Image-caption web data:
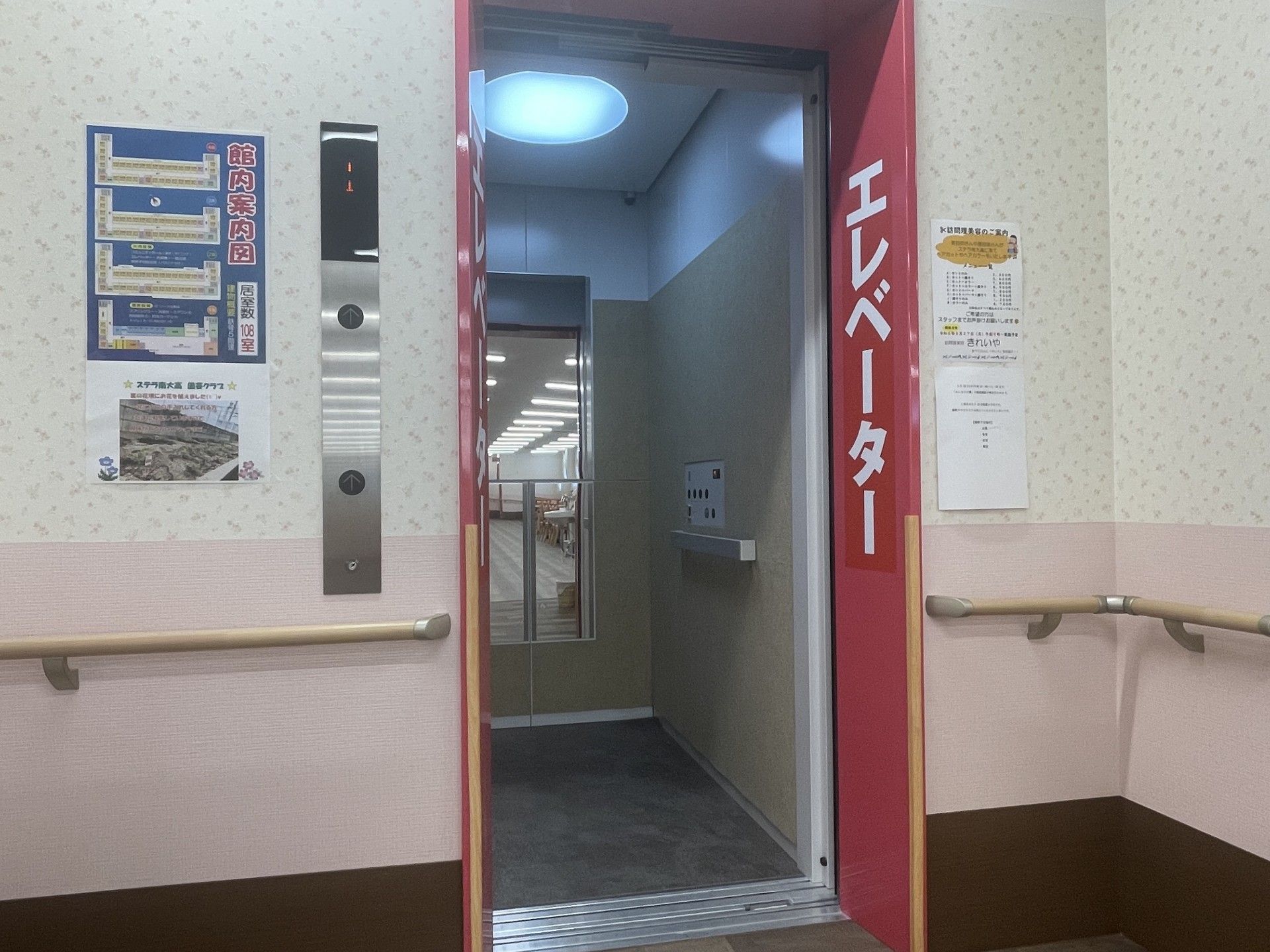 エレベーター前の廊下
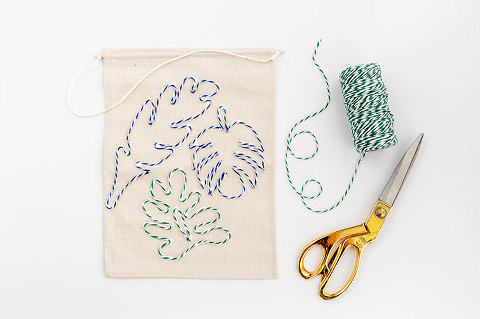 DIY Leafy Baker's Twine Banner | dreamgreendiy.com + @orientaltrading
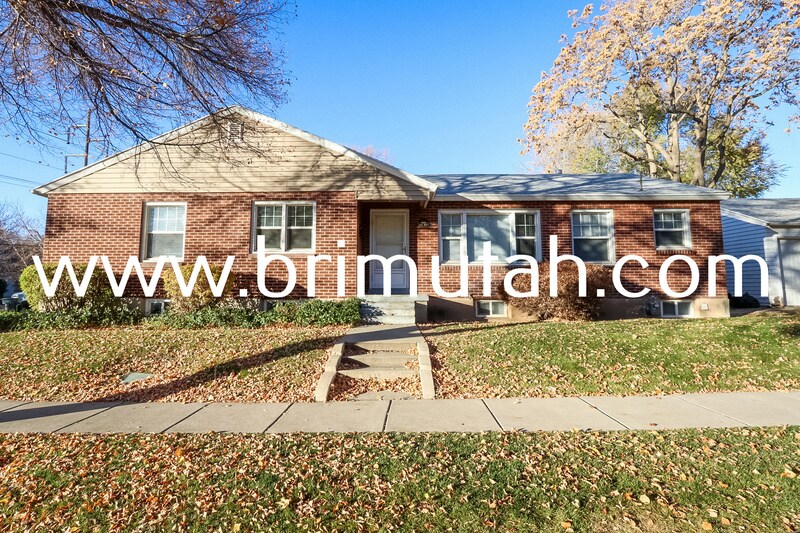 Primary Photo - 1105 Laird Ave S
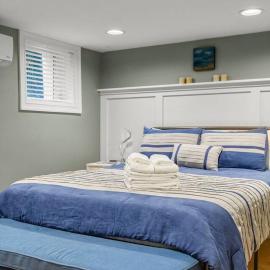 West End 2 BR w/ Parking + Private Patio + Grill, Hotel in Provincetown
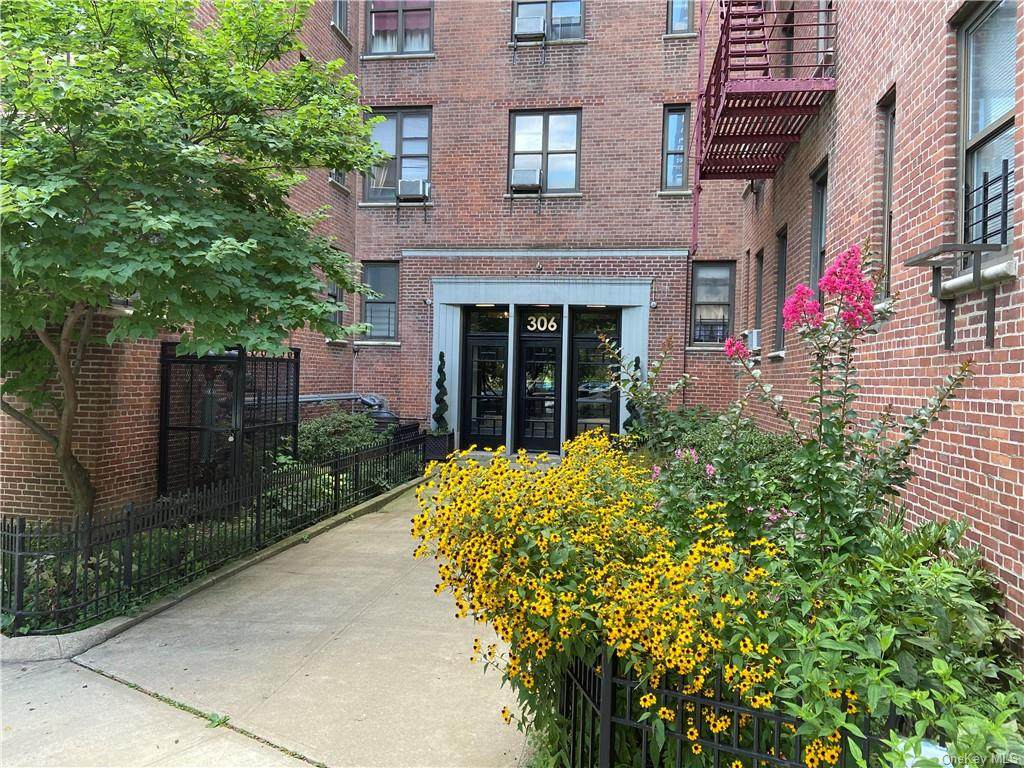 306 Mosholu Parkway - Photo 1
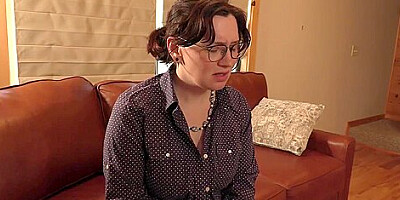 Bettie Bondage – Bully Gets Milf To Gag And Squirt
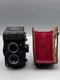 YASHICA MAT-124G MEDIUM FORMAT TLR FILM CAMERA WITH LEATHER CASE.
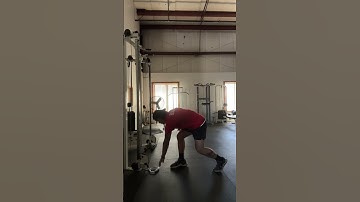 Split stance low cable row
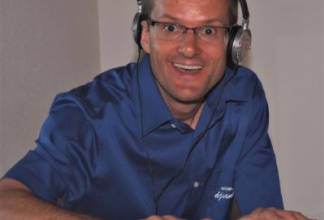 DJ Sanborn aus Graubünden, der Hochzeits-und Party DJ für Ihren grossen Tag!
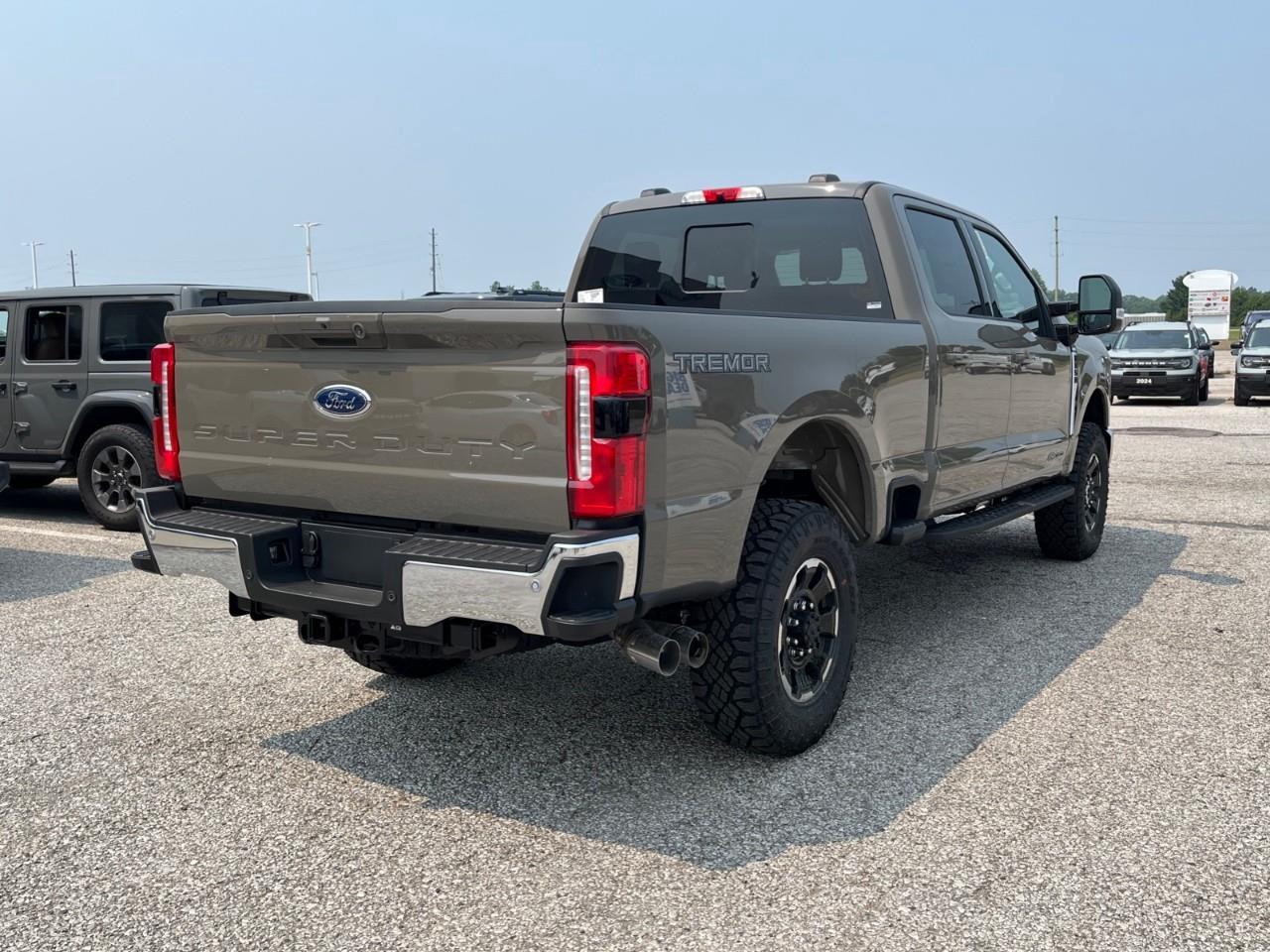 2026 Ford F-350 Lariat Photo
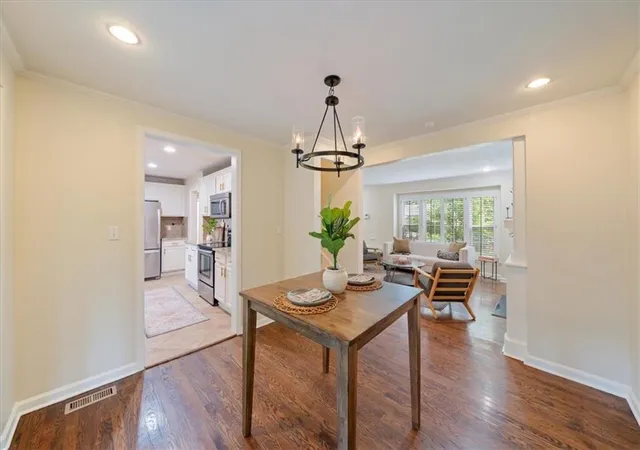 Photo 4 of Single Family Residence at 5200 W 72nd Street, Prairie Village, KS 66208 | MLS# 2628364 | | Sold on 2026-09-29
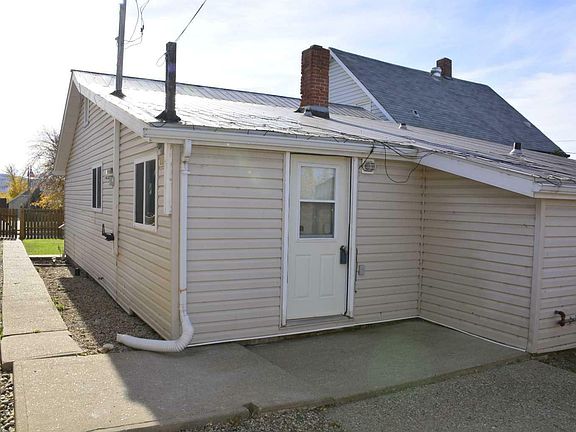 2nd image of 9820 97th Ave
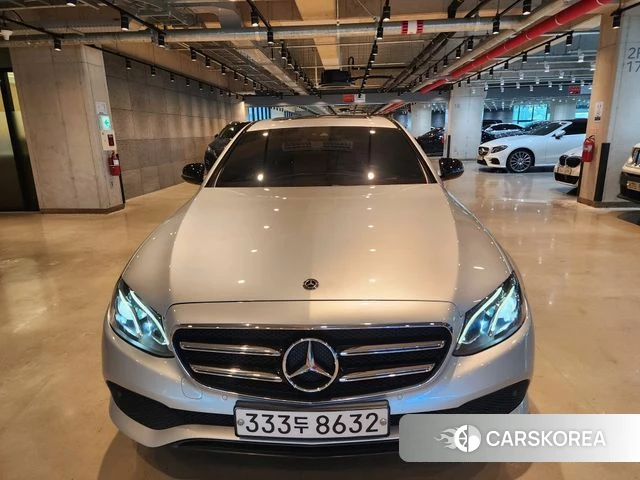 Mercedes-Benz E-Class W213 2020 Серебряный из Кореи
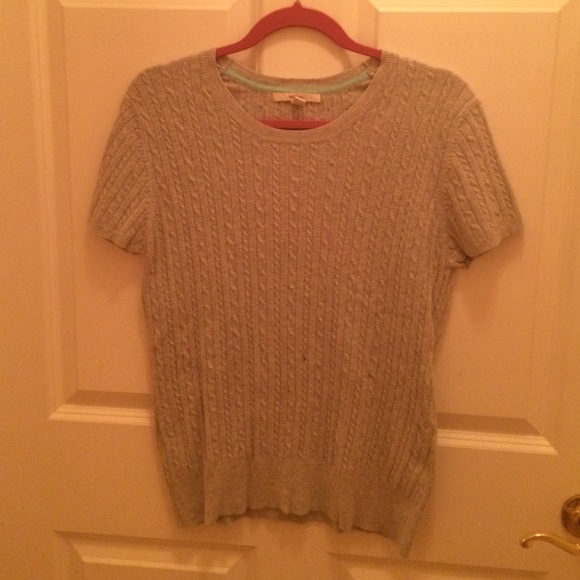 Light grey sweater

** Work request **
Every record is to be restated word for word, with the pictures left out.

** Answer for this exercise **
 エレベーター前の廊下
 DIY Leafy Baker's Twine Banner | dreamgreendiy.com + @orientaltrading
 Primary Photo - 1105 Laird Ave S
 West End 2 BR w/ Parking + Private Patio + Grill, Hotel in Provincetown
 306 Mosholu Parkway - Photo 1
 Bettie Bondage – Bully Gets Milf To Gag And Squirt
 YASHICA MAT-124G MEDIUM FORMAT TLR FILM CAMERA WITH LEATHER CASE.
 Split stance low cable row
 DJ Sanborn aus Graubünden, der Hochzeits-und Party DJ für Ihren grossen Tag!
 2026 Ford F-350 Lariat Photo
 Photo 4 of Single Family Residence at 5200 W 72nd Street, Prairie Village, KS 66208 | MLS# 2628364 | | Sold on 2026-09-29
 2nd image of 9820 97th Ave
 Mercedes-Benz E-Class W213 2020 Серебряный из Кореи
 Light grey sweater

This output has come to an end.